Oh no, I've lost my Filofax!

Anna Picard
Sunday 30 May 2004 00:00 BST
Comments

Poor Arabella! Deprecated as a pale imitation of Der Rosenkavalier, incredible of plot, absurdly opulent of score, and now set in a very nasty decade (the 1980s), in a very nasty lobby of a very nasty hotel where neither escalator works, where the stairs are legion, narrow and steep, and the staff are too busy moon-walking, body-popping and dancing on the ceiling to bring their guests a drink. Whatever next?

Poor Arabella! Deprecated as a pale imitation of Der Rosenkavalier, incredible of plot, absurdly opulent of score, and now set in a very nasty decade (the 1980s), in a very nasty lobby of a very nasty hotel where neither escalator works, where the stairs are legion, narrow and steep, and the staff are too busy moon-walking, body-popping and dancing on the ceiling to bring their guests a drink. Whatever next?

Tempting as it is to recommend shutting one's eyes for the duration of Peter Mussbach's yuppified Covent Garden-Théâtre du Chatelet co-production, to ignore all that happens on stage in Arabella would be a shame. Not only is the singing every bit as luminescent, generous and direct as you might expect from Karita Mattila (Arabella), Barbara Bonney (Zdenko/Zdenka) and Thomas Hampson (Mandryka), their facial acting is subtle and clever enough to suspend even close-range disbelief at the spectacle of three fortysomething people playing three twentysomething people in the kind of shoulder-padded couture and back-combed wigs that only three sixtysomething swingers might wear.

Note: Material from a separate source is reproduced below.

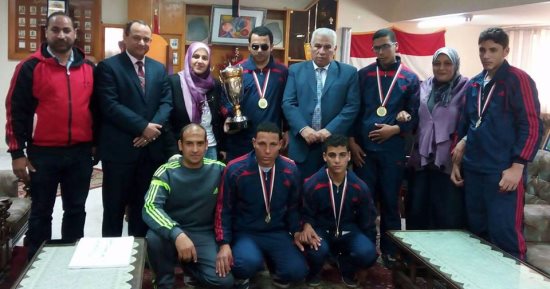 وكيل تعليم البحيرة يكرم أبطال مدرسة النور للمكفوفين فى كرة الهدف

Clearly crinolines no longer cut the mustard. But I wonder whether too much is lost by randomly updating operas that depend on period-specific social mores? Mussbach's bizarre tribute to MTV's first decade indicates an obsessive awareness of Arabella's weak points and little appreciation of its strengths. But Strauss and Hofmannsthal were not fools and narrative slowness aside, Arabella is never less than focused - a point not lost on conductor Christoph von Dohnányi. Regardless of the distracting dancers, the criminally unflattering costumes and Erich Wonder's noisily aerobic set, Dohnányi has captured the chaotic vitality of this score quite perfectly. Sweet optimism crashes into despair, brittle wit into broad humour, tender eroticism into gentle teasing. The Royal Opera House orchestra respond with the fluency of an ensemble at the very top of their game. And the cast have tuned in to this heart-on-sleeve urgency with total commitment.

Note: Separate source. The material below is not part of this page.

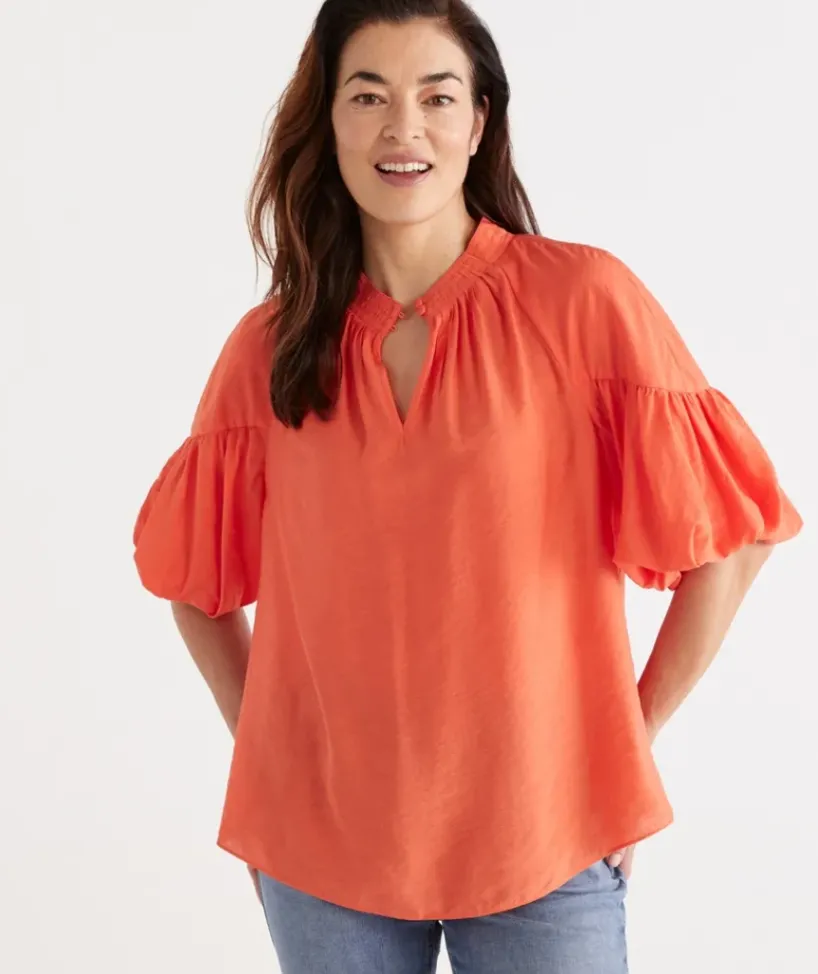 Drape Neck Top<Sussan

Not a moment is less than delightful. Not a moment is dull. Indeed, were I to make any criticism at all, it would be that Mattila rarely projects vulnerability; which, when you consider that her character is about to be forced into marriage to honour her father's gambling debts, is surprising. Vocally, it is a triumph for her, but dramatically it lacks that sheer, skinless innocence she brought to the title role of Jenufa. Still, Bonney's Zdenko/Zdenka is heartbreaking - deliciously unfolded and developed through the course of the opera - and Hampson's Mandryka is as sympathetic as he is swaggering. Of the supporting cast, veterans Artur Korn and Cornelia Kallisch provide expert comedy as the Count and Countess, Diana Damrau glitters gaily through The Fiakermilli's vocal gymnastics, Raymond Very (Matteo) suffers heroically, and Quentin Hayes, John Daszak and Iain Paterson excel as the rejected suitors, despite their Flock of Seagulls coiffure. Unmissable, even with your eyes open.

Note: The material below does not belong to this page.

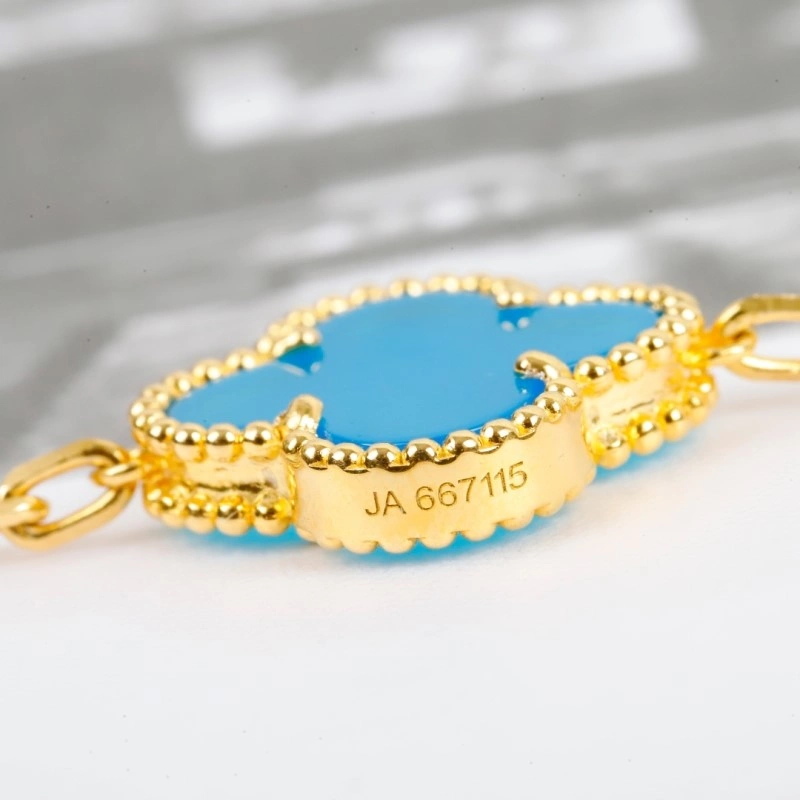 Vca Bracelets Refined 254133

More rugs and pop now, though this time of the champagne picnic variety. Alas, I am unable to make any direct comparison between the two most recent Glyndebourne productions of Die Zauberflöte, having missed Peter Sellars' much-derided earlier interpretation. But set against David McVicar's 2003 Covent Garden production and Nicholas Hytner's 1989 ENO version, Adrian Noble's new Flute is tame and plain to the point of posing no questions about this work's odd blend of pantomime and pathos, much less resolving them. The Masonic issues are dodged, the dialogue is indistinct, Sarastro's priests are arranged around the auditorium like chattering choristers, the boys arrive on balloons in nehru jackets like miniature versions of Norman Parkinson, and the drip-dyed multi-coloured gauze backdrops look like scarves from the Glyndebourne gift shop.

It's all quite pretty in a middle-aged Home Counties Boho way but strangely subdued, which is surprising after Noble's exciting and affecting Ulisse for Les Arts Florissants, and frankly disappointing after Theodora, Iphigénie or Fidelio - to pick but three recent Glyndebourne successes. Jonathan Lemalu's plummy, patrician Papageno appears to have been modelled on Peter Ustinov, Peter Rose's Sarastro is stretched, and the Three Ladies unintelligible. On the plus side, Vladimir Jurowski's cultivated, spicy intensity combines well with the sweet, grainy sound of the Orchestra of the Age of Enlightenment, the animals - including a lovely porcupine - are charming, Lisa Milne's Pamina is pure and bell-like, Pavol Breslik's Tamino clear, intelligent and bright-toned: their "Tamino mein! Pamina mein!" moment the most delicious in an otherwise so-so show.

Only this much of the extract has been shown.